**Your objective**
Repeat every record exactly, omitting the pictures.

**The input**
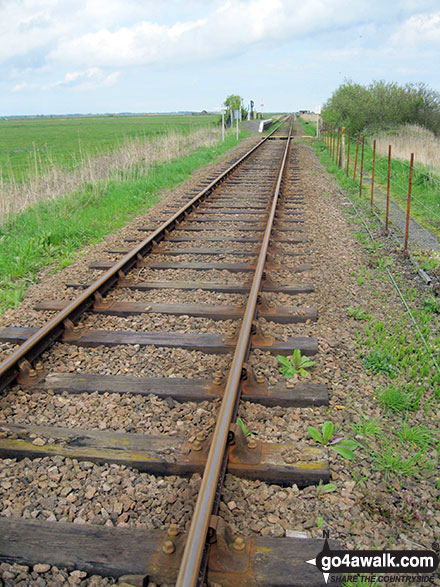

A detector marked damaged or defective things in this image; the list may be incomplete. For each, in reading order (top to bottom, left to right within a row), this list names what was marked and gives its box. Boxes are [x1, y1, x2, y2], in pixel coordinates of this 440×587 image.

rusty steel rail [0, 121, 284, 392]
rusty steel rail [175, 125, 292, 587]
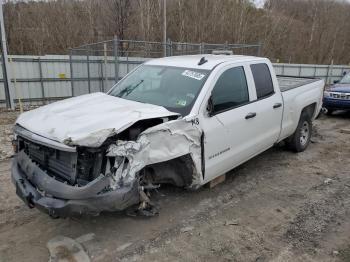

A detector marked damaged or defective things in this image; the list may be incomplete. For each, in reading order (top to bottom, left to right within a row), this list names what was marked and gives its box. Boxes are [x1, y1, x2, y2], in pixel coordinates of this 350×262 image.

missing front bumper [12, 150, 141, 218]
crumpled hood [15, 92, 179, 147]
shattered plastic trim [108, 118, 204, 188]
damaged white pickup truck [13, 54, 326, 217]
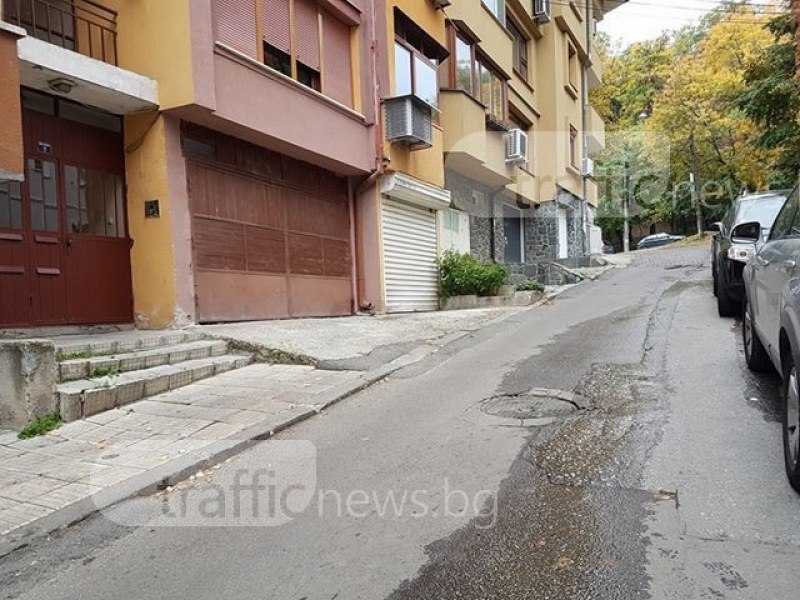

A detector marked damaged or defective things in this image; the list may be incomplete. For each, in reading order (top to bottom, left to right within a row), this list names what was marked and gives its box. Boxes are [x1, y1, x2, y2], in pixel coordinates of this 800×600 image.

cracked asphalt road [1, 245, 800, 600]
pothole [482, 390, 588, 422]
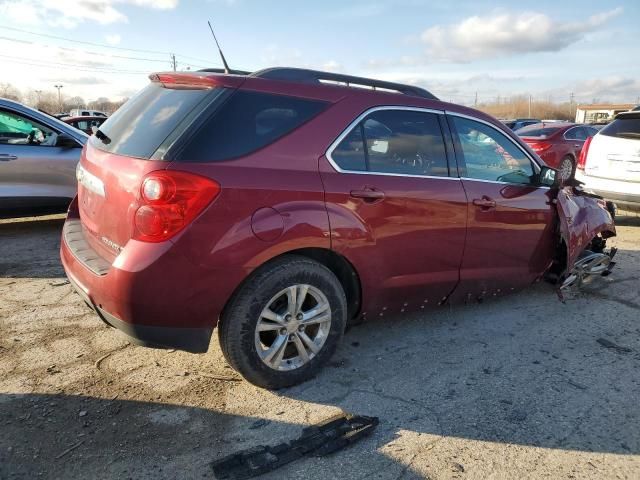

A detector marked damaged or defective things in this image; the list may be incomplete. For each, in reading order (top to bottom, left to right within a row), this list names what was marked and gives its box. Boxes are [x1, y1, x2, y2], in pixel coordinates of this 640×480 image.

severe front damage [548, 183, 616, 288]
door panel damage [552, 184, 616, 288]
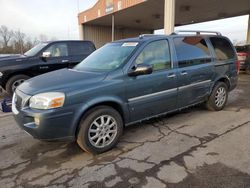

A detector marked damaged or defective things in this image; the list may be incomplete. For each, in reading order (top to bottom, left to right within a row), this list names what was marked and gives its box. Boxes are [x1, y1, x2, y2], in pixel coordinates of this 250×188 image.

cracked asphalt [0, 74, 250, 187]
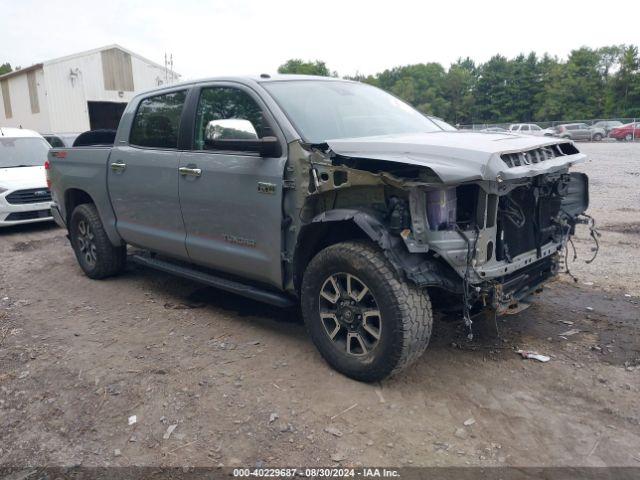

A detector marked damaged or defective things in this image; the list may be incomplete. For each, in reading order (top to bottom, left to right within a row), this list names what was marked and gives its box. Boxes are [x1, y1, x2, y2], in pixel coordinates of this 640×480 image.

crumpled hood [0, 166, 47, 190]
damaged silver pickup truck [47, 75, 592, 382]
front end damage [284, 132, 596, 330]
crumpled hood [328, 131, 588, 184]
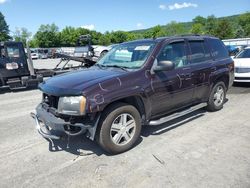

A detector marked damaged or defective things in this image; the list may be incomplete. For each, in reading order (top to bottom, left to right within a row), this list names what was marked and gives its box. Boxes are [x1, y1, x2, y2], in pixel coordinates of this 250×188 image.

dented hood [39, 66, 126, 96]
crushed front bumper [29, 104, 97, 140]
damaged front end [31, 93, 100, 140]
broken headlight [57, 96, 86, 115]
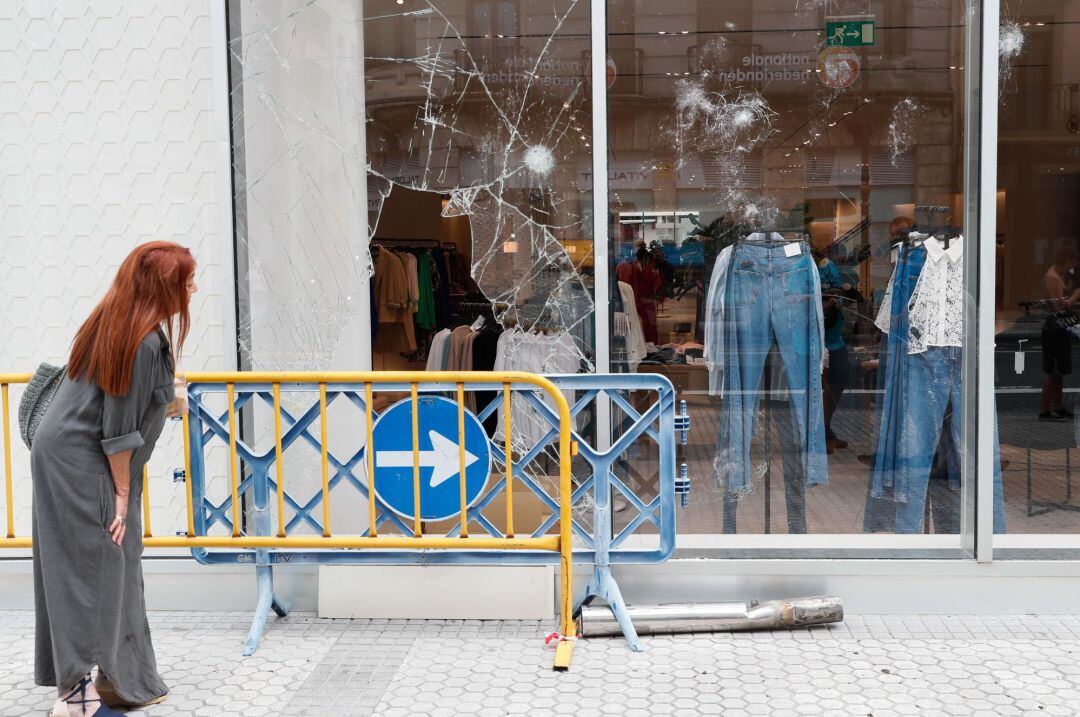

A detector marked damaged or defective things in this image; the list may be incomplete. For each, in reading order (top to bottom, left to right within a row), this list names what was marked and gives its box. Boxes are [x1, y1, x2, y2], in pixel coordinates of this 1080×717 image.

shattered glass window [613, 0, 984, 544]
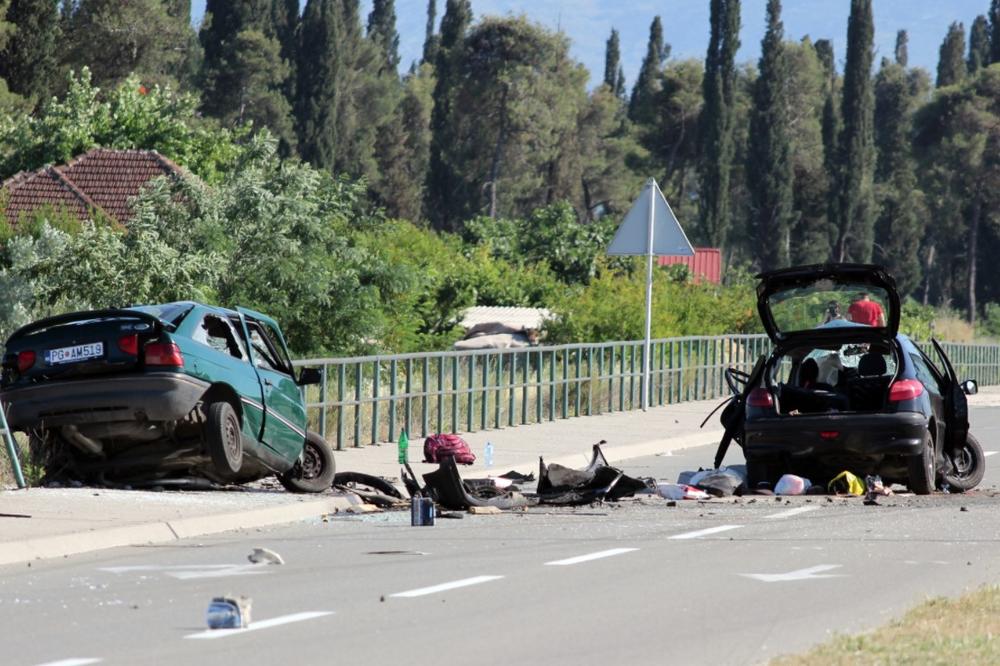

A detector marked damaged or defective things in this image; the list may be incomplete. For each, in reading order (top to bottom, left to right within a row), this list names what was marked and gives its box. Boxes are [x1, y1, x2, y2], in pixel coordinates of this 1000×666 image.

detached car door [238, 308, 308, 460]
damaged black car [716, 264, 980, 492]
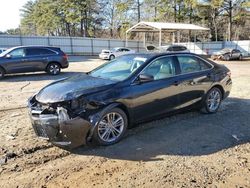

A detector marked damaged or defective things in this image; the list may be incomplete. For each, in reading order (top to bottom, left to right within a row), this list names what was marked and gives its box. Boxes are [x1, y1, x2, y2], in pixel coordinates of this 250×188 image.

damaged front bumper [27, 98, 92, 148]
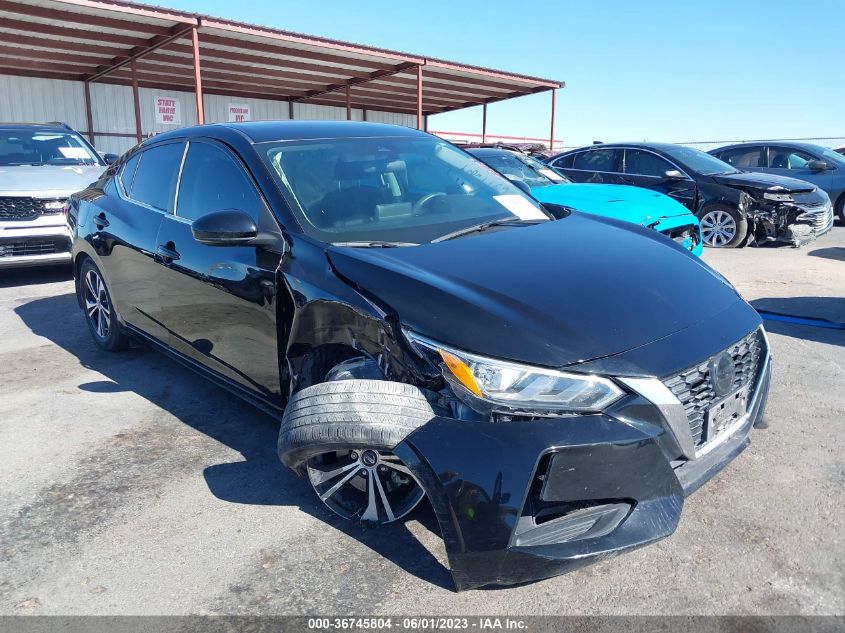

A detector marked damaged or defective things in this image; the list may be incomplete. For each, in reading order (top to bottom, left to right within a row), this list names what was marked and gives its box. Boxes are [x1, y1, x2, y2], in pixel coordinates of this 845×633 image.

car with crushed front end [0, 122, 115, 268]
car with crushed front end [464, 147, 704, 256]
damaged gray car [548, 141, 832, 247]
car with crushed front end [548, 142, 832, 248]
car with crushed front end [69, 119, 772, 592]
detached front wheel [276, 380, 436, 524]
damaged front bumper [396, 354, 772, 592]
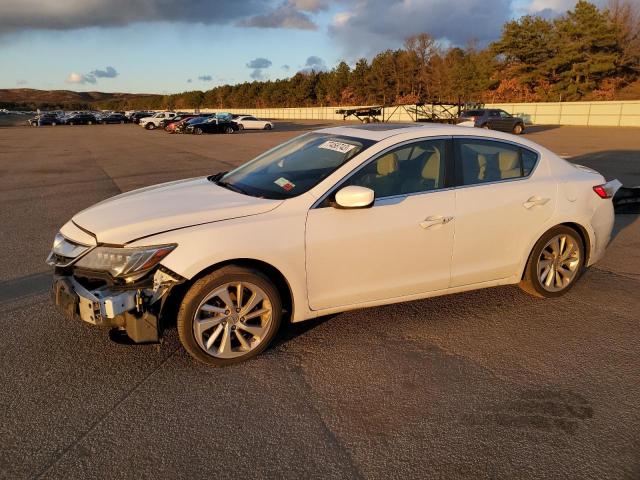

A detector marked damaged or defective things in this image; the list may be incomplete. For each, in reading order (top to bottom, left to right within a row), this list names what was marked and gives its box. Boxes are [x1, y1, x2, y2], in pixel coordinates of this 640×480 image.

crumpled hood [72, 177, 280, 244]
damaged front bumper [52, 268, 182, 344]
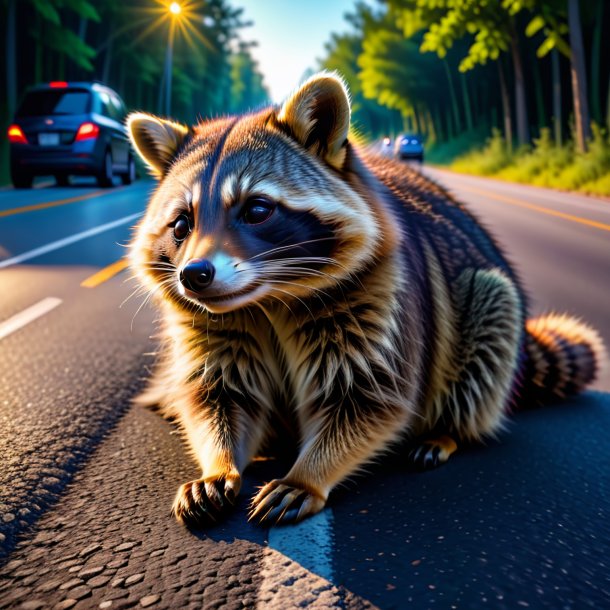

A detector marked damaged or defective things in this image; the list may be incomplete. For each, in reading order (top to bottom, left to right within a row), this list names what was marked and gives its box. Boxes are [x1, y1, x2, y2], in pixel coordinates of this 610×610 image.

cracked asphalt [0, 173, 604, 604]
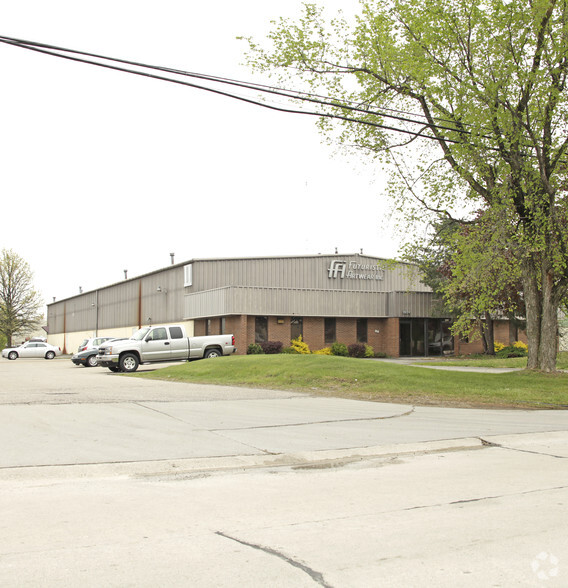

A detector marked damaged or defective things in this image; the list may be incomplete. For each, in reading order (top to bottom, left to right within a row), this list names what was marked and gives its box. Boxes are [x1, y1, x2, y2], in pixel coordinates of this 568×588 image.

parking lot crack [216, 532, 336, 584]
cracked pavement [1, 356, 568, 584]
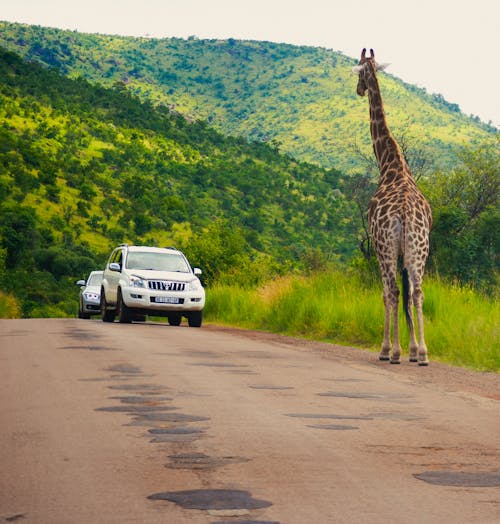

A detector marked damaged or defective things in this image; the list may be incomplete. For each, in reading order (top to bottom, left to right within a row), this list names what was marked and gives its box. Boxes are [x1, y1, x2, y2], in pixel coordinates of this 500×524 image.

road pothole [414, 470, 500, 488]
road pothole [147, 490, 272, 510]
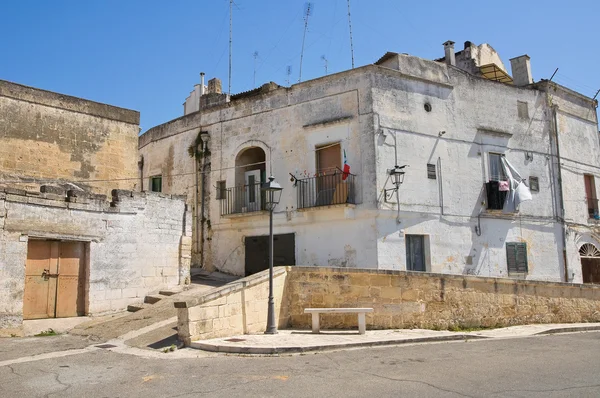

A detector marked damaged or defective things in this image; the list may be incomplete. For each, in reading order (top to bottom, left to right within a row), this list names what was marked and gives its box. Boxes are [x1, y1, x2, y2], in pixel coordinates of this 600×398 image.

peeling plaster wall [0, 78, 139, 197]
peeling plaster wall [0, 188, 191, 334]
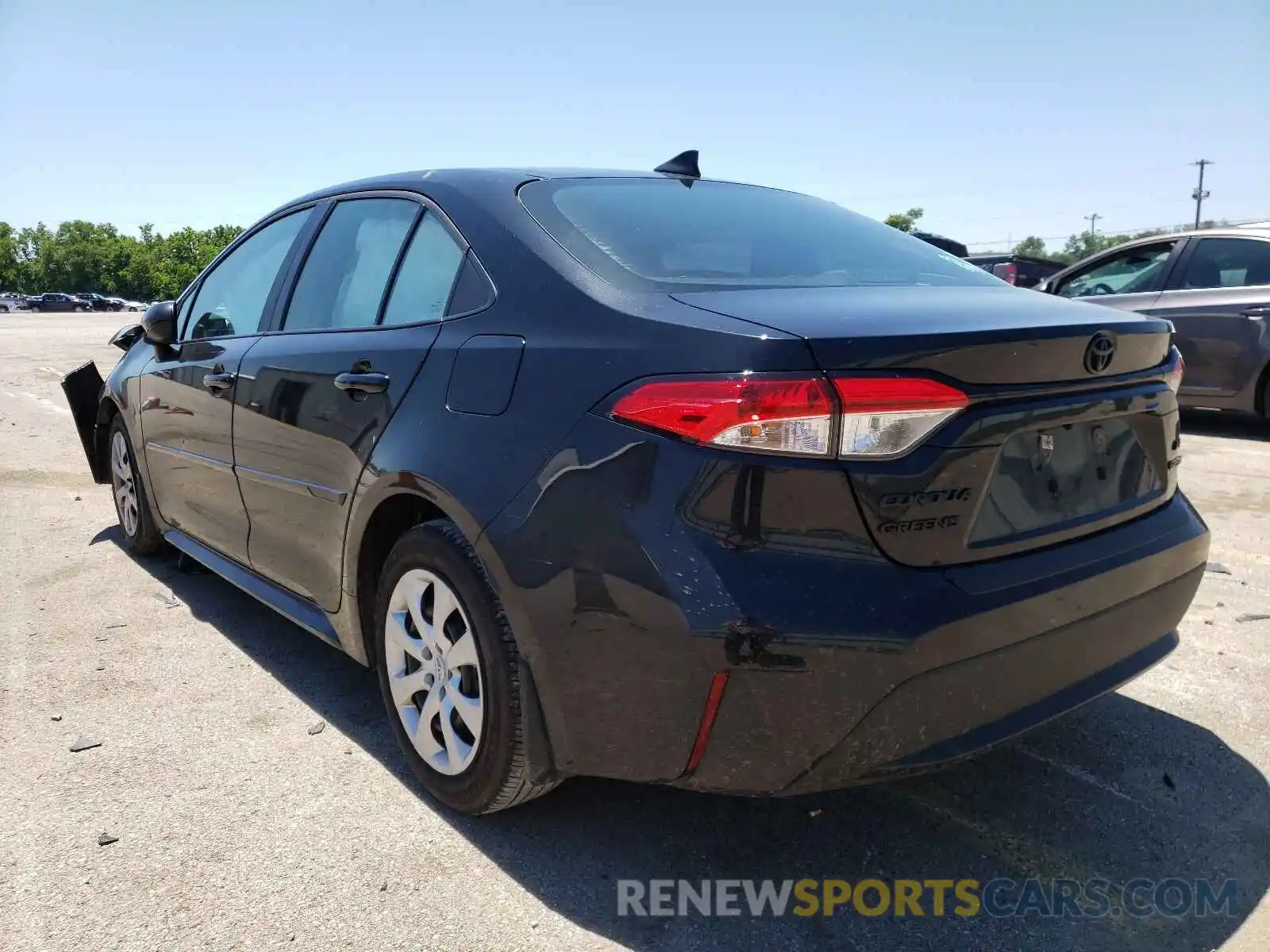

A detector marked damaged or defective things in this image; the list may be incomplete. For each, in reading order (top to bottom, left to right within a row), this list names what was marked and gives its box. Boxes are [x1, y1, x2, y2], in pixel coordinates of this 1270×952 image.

**Result of the task**
A detector marked damaged or defective things in this image; the list may be incomplete. For each, in reading order (top to bottom, left to right within a row), this list names what was marked and gives its box. Boxes are [x1, y1, x2, y2], in pixel coordinates of this 440×587 image.

rusty steel rail [0, 121, 284, 392]
rusty steel rail [175, 125, 292, 587]

A detector marked damaged or defective things in this image; the list may be incomplete. For each, in reading order (top to bottom, left to right within a row), this list names what was marked and gives its box. Boxes are [x1, y1, x2, y2], in pixel coordinates of this 350×262 image.

missing front bumper [12, 150, 141, 218]
crumpled hood [15, 92, 179, 147]
shattered plastic trim [108, 118, 204, 188]
damaged white pickup truck [13, 54, 326, 217]

A detector marked damaged or defective things in this image; the list may be incomplete. For each, in reading order (top to bottom, left to right within a row), this list names what was marked and gives its box. Boxes are [x1, y1, x2, y2], in pixel coordinates of this 800×600 image.

cracked asphalt road [1, 245, 800, 600]
pothole [482, 390, 588, 422]

A detector marked damaged or defective things in this image; the list may be incomplete. For each, in reading order (top to bottom, left to right within a row), this list names what was marked and gives its box. Boxes are [x1, y1, x2, y2], in pixel coordinates of this 640×480 image.

severe front damage [548, 183, 616, 288]
door panel damage [552, 184, 616, 288]

A detector marked damaged or defective things in this image; the list may be incomplete. For each, in reading order (top to bottom, left to right within a row), this list names what was marked and gives its box. Boxes are [x1, y1, x2, y2], in pixel coordinates of this 250×188 image.

cracked asphalt [0, 74, 250, 187]

A detector marked damaged or defective things in this image; the list may be incomplete. For each, in reading order (top to bottom, left to right within a row), this list names what was marked and gives its box. Boxes are [x1, y1, x2, y2], in pixel coordinates of this 640×480 image.

crumpled hood [0, 166, 47, 190]
damaged silver pickup truck [47, 75, 592, 382]
front end damage [284, 132, 596, 330]
crumpled hood [328, 131, 588, 184]

A detector marked damaged or defective things in this image; the list may be incomplete. For each, in reading order (top to bottom, left to right within a row), this list names what was marked and gives its box. Boxes are [x1, y1, x2, y2], in pixel coordinates of this 250×188 image.

dented hood [39, 66, 126, 96]
crushed front bumper [29, 104, 97, 140]
damaged front end [31, 93, 100, 140]
broken headlight [57, 96, 86, 115]

A detector marked damaged or defective things in this image; the list may be incomplete. For each, in reading order (top to bottom, left to right within a row), this list names what was marked and gives its box. Boxes are [x1, y1, x2, y2], in pixel coordinates of this 1080×717 image.

shattered glass window [613, 0, 984, 544]

A detector marked damaged or defective things in this image; the list may be incomplete. For each, in reading order (top to bottom, left to right within a row), this list names what was marked and gives its box. Boxes are [x1, y1, x2, y2], in pixel coordinates of this 1000×666 image.

detached car door [238, 308, 308, 460]
damaged black car [716, 264, 980, 492]

A detector marked damaged or defective things in this image; the list may be incomplete. For each, in reading order (top to bottom, left to right within a row), this list names what was marked and gives its box. Boxes are [x1, y1, x2, y2], in pixel coordinates of this 250×188 image.

damaged front bumper [27, 98, 92, 148]

A detector marked damaged or defective things in this image; the list may be incomplete. For each, in reading order (top to bottom, left to right within a row), this list names what was marked and gives its box. Boxes are [x1, y1, x2, y2], in pixel coordinates of this 845×633 image.

car with crushed front end [0, 122, 115, 268]
car with crushed front end [464, 147, 704, 256]
damaged gray car [548, 141, 832, 247]
car with crushed front end [548, 142, 832, 248]
car with crushed front end [69, 119, 772, 592]
detached front wheel [276, 380, 436, 524]
damaged front bumper [396, 354, 772, 592]

A detector marked damaged or defective things in this image; the list may be incomplete. For each, in reading order (top to bottom, left to right within a row), this list names what was marked and gives its box. Boxes are [x1, y1, x2, y2], in pixel coordinates of this 640×480 image.

crumpled hood [72, 177, 280, 244]
damaged front bumper [52, 268, 182, 344]

A detector marked damaged or defective things in this image; the list may be incomplete. For each, in reading order (top to bottom, left to right within a row), this list names what was marked and gives its box. Boxes are [x1, y1, x2, y2], in pixel coordinates of this 610×610 image.

cracked asphalt [0, 173, 604, 604]

A detector marked damaged or defective things in this image; the list may be incomplete. For each, in reading order (top to bottom, left to right within a row), this list names what was marked and gives its box. Boxes are [x1, y1, x2, y2], in pixel coordinates of this 568×588 image.

parking lot crack [216, 532, 336, 584]
cracked pavement [1, 356, 568, 584]

A detector marked damaged or defective things in this image; the list may be incomplete. For each, in reading order (top to bottom, left to right within a row), this list names what was marked and gives its box. Boxes are [x1, y1, x2, y2], in pixel coordinates of this 500×524 image.

road pothole [414, 470, 500, 488]
road pothole [147, 490, 272, 510]

A detector marked damaged or defective things in this image; the list may be incomplete. For each, in reading order (top to bottom, left to right within a row), this list names what was marked and gives its box. Boxes are [x1, y1, x2, y2], in pixel coordinates of this 600×398 image.

peeling plaster wall [0, 78, 139, 197]
peeling plaster wall [0, 188, 191, 334]

A detector marked damaged or defective things in this image; the list may be incomplete. For each, in reading order (top to bottom, left to right within a row), this list names what was marked and gives its box. Boxes are [x1, y1, x2, y2], in pixel coordinates of this 1270×952 image.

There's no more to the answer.